■ Task: Exactly and only the lines from the one with "2029 Whispering Pine" through the last line of the records need to be set down; please skip the pictures.

Brief descriptive captions
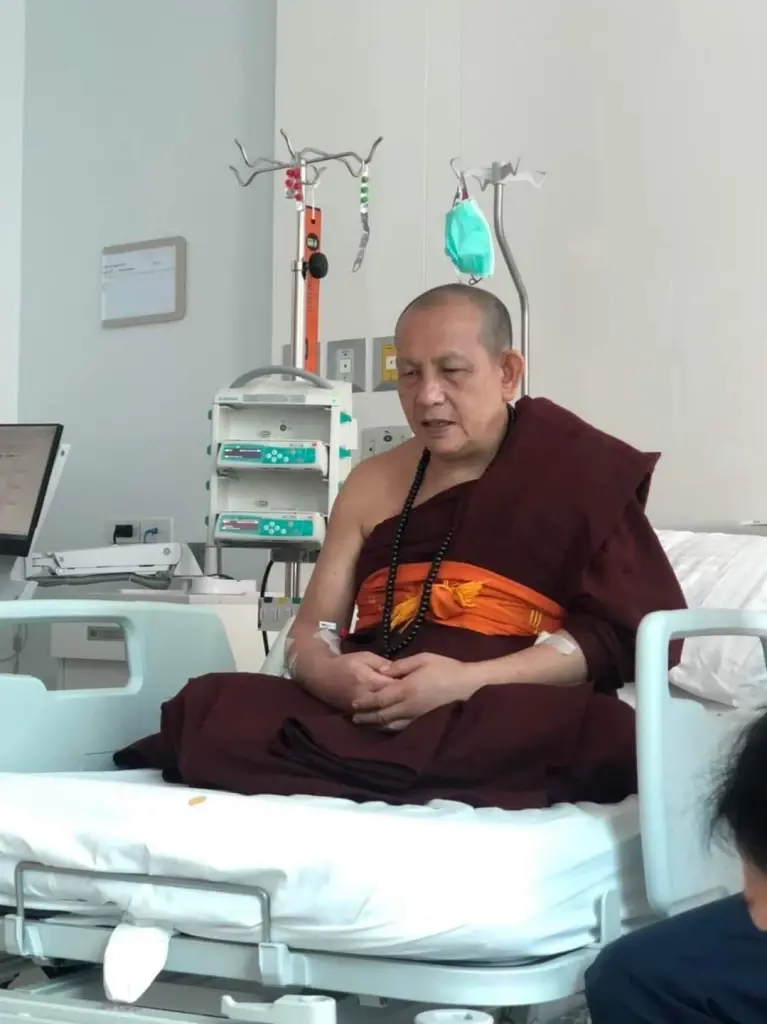 วัดในรัฐฉาน พร้อมใจ เจริญพระพุทธมนต์ ถวายครูบาบุญชุ่ม 16 ส.ค. ขณะที่เพจดังโพสต์คลิปตอนล้มทั้งยืน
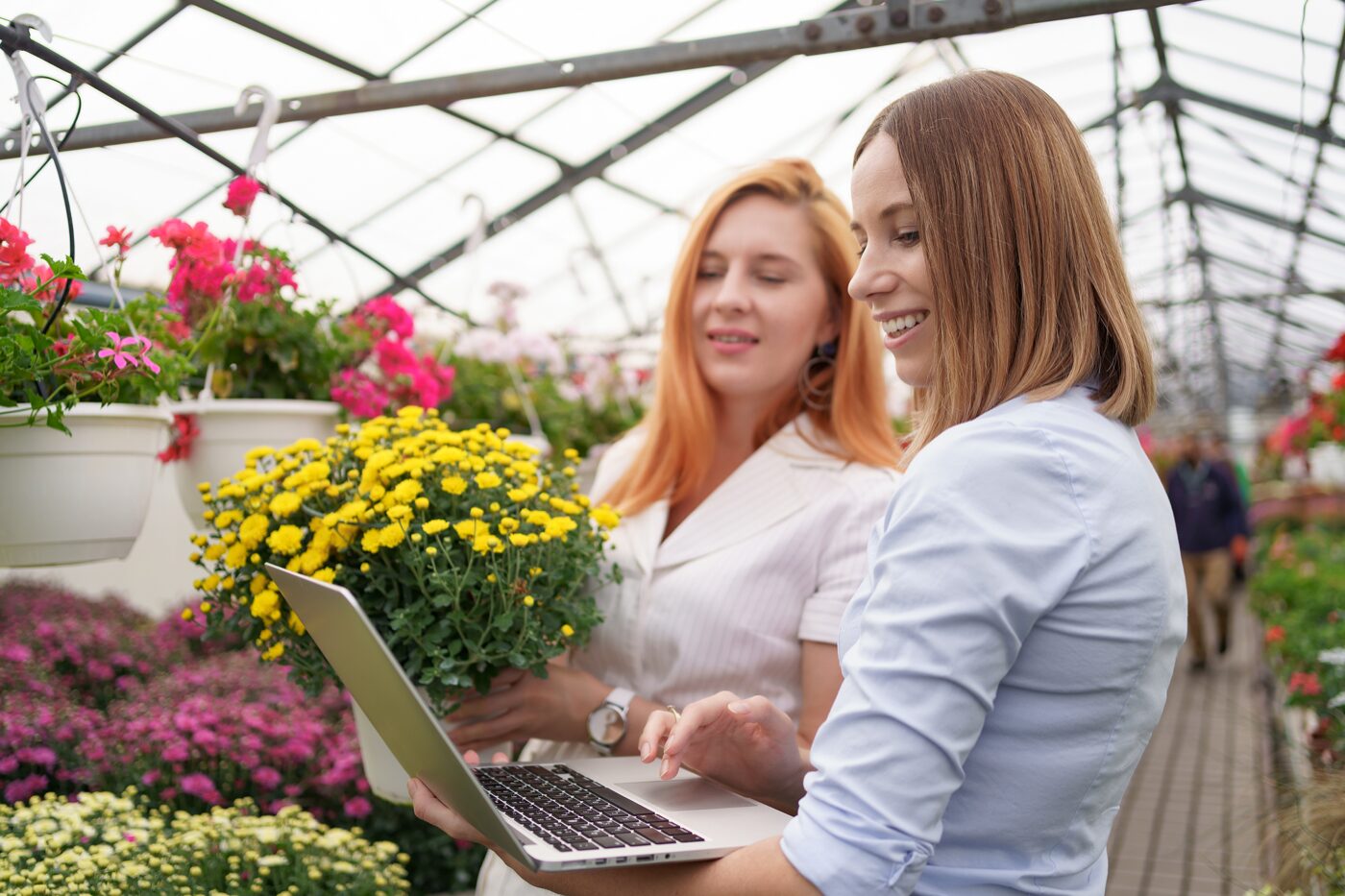 Nursery team using Growflo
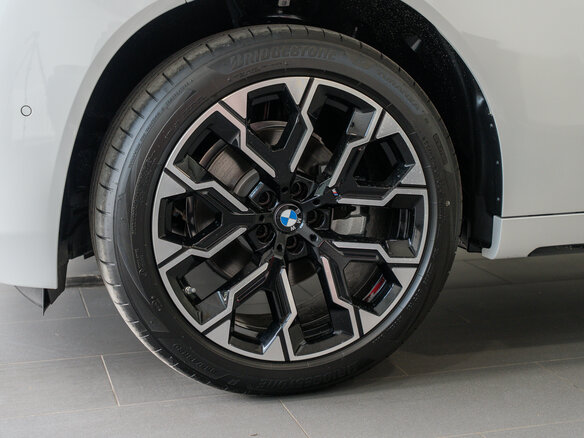 2025 BMW X3 Long 30L xDrive IV (G45/G48), белый, 6990000 рублей - вид 28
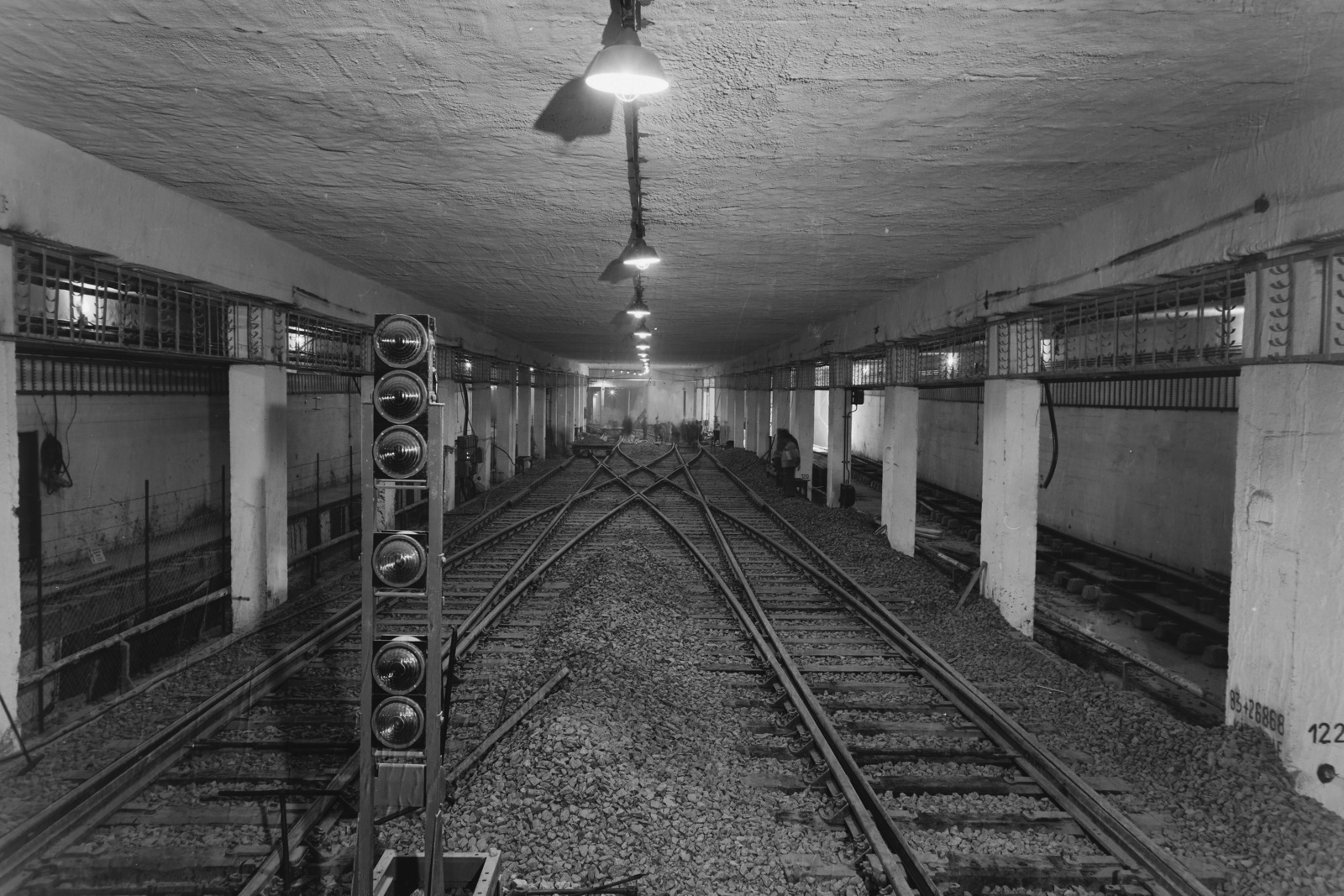 Hungary, Budapest XIV., a metró Népstadion (később Puskás Ferenc Stadion) állomásának kihúzóvágányai., 1973, UVATERV, Budapest, tunnel, subway, Fortepan #121107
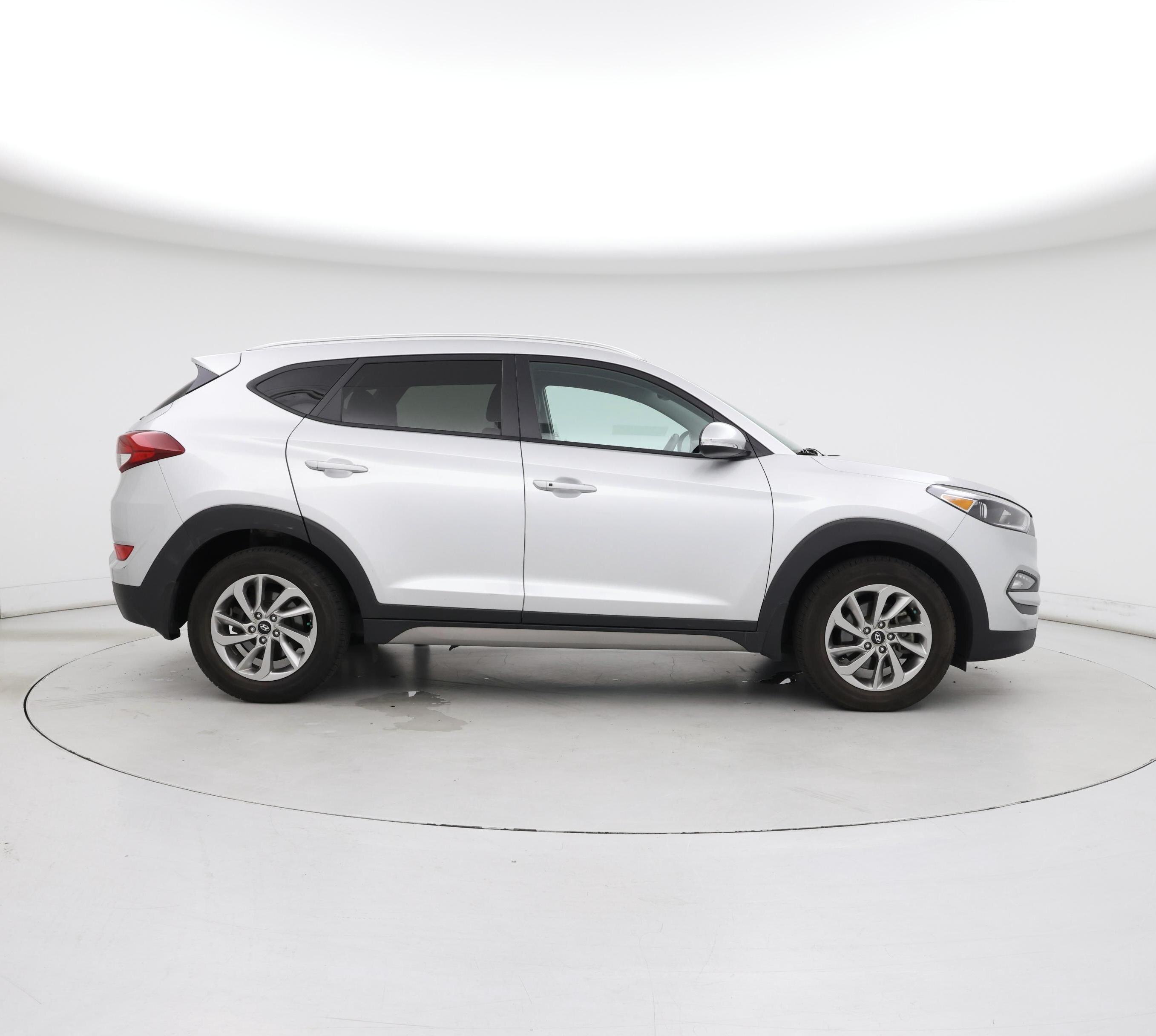 Thumbnail: 2017 Hyundai Tucson - 7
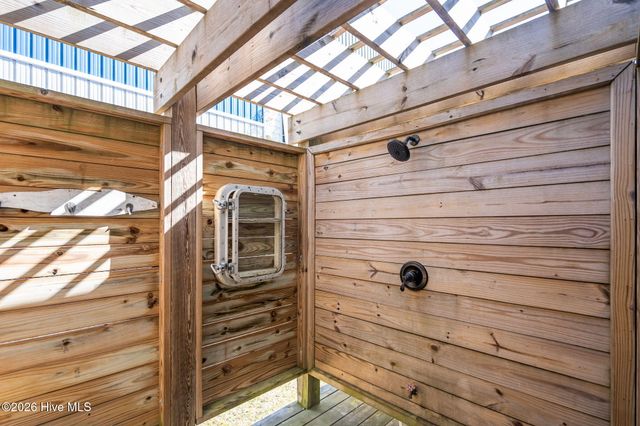 2029 Whispering Pine Street SW, Ocean Isle Beach, NC 28469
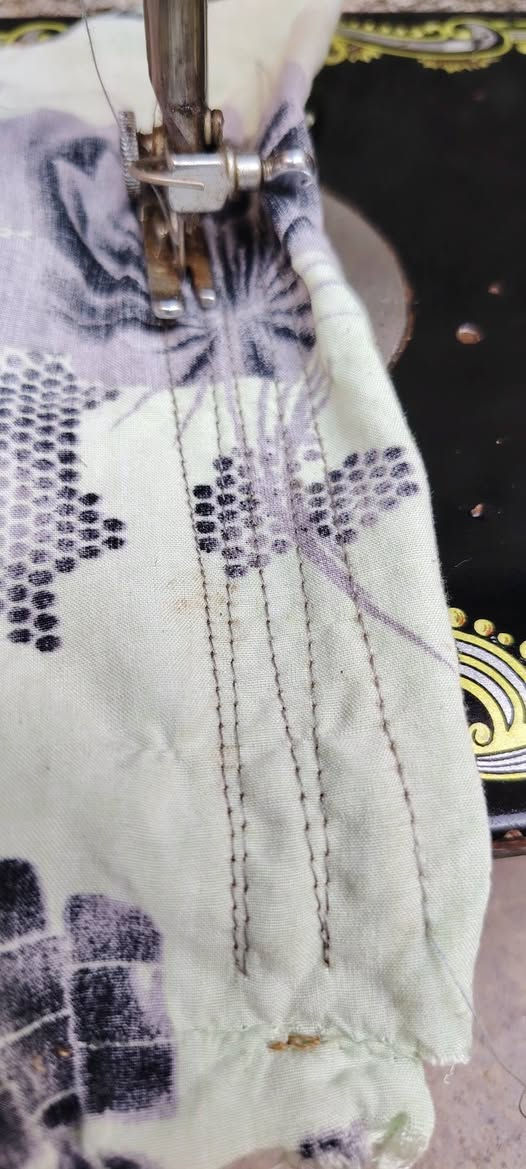 مكينة خياطة نوعية ياباني باب الأول شرط الشغل والنظافة تشتغل كهرباء تخيط جميع انواع الاقمشة حتى فيزون سعره 40


**إذا كنت صاحب هذا الإعلان وتريد حذفه لأي سبب، رجاءا أرسل رسالة إلى الدعم الفني**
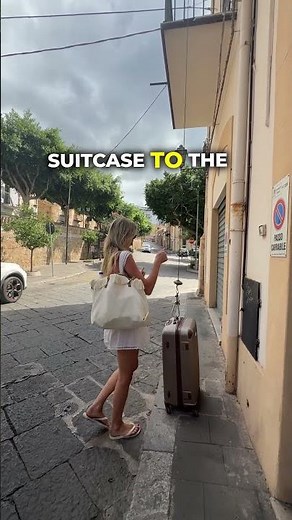She shared her genius suitcase hotel trick 😯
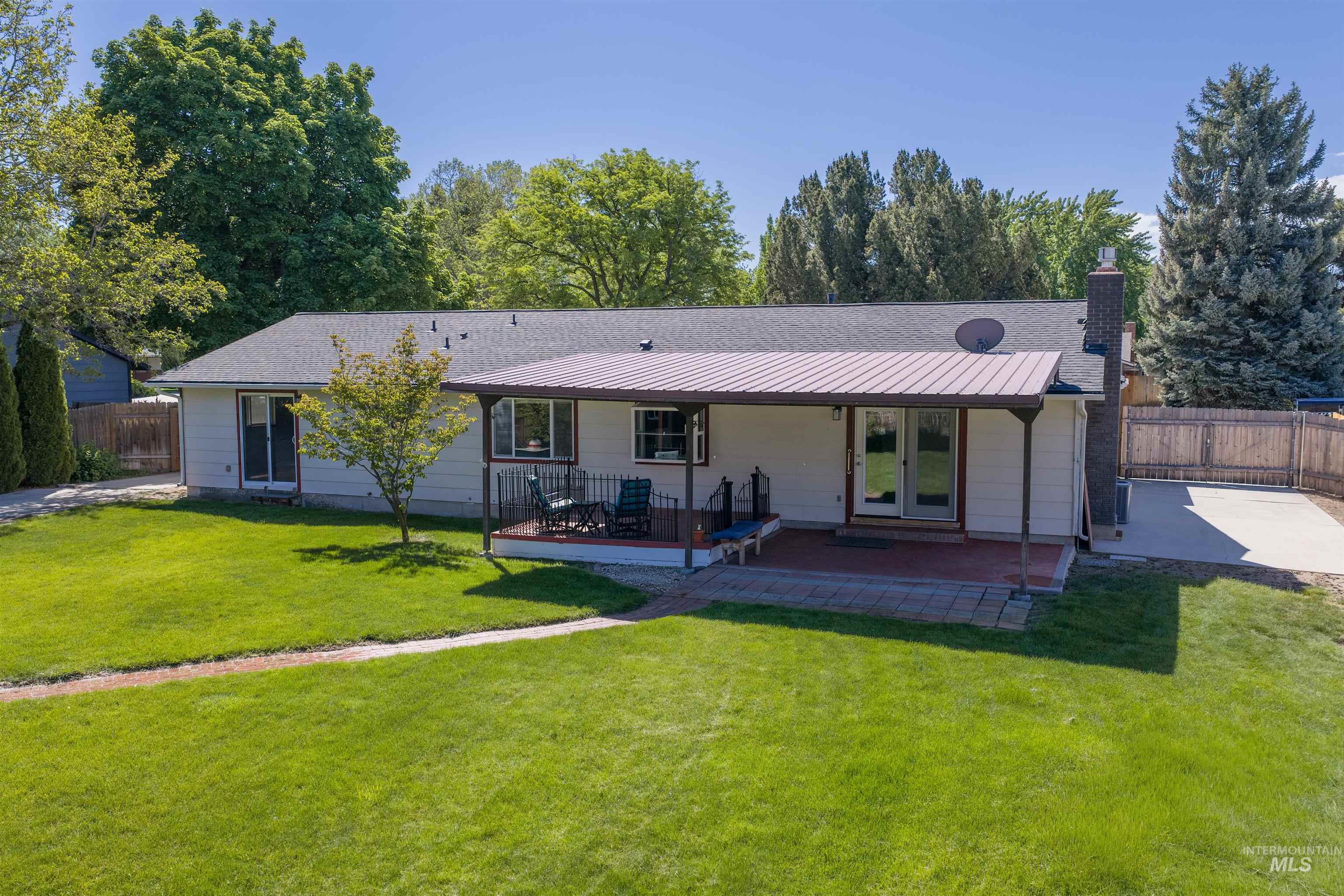 11198 W Oneida Dr, Boise, Idaho 83709, 3 Bedrooms, 2 Bathrooms, Residential For Sale, Price $550,000, 98987297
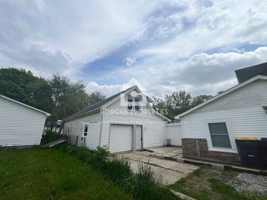 featured image of 2208 Hendricks Street #3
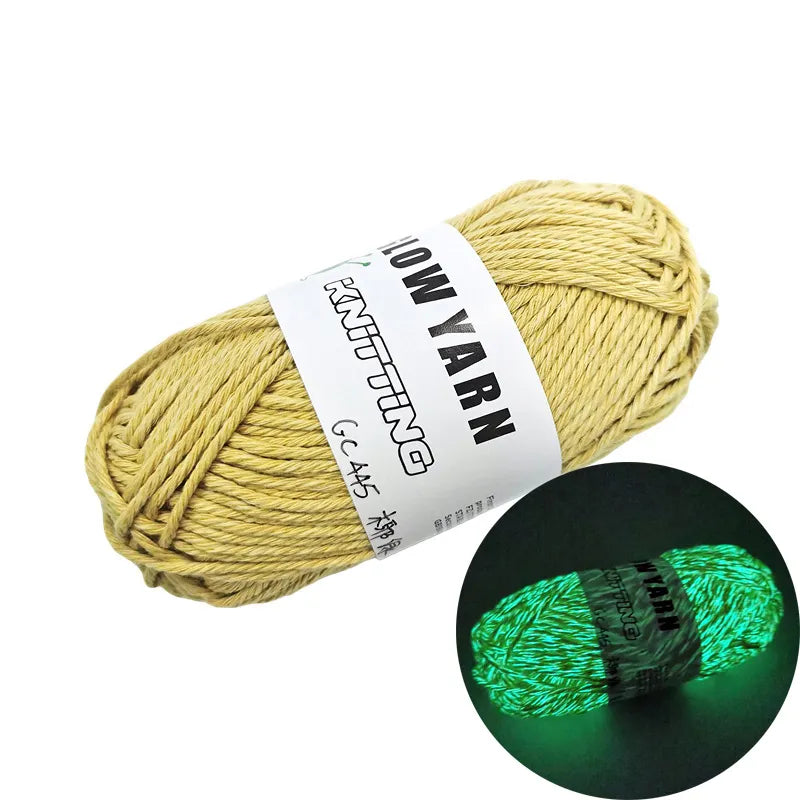 2022 Newest Functional Luminous Yarn Glow in the Dark Polyester Chunky Yarn 53m Long Knitting Wool Yarn for Crochet Sweater Hat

■ Finished task:
 2029 Whispering Pine Street SW, Ocean Isle Beach, NC 28469
 مكينة خياطة نوعية ياباني باب الأول شرط الشغل والنظافة تشتغل كهرباء تخيط جميع انواع الاقمشة حتى فيزون سعره 40


**إذا كنت صاحب هذا الإعلان وتريد حذفه لأي سبب، رجاءا أرسل رسالة إلى الدعم الفني**
She shared her genius suitcase hotel trick 😯
 11198 W Oneida Dr, Boise, Idaho 83709, 3 Bedrooms, 2 Bathrooms, Residential For Sale, Price $550,000, 98987297
 featured image of 2208 Hendricks Street #3
 2022 Newest Functional Luminous Yarn Glow in the Dark Polyester Chunky Yarn 53m Long Knitting Wool Yarn for Crochet Sweater Hat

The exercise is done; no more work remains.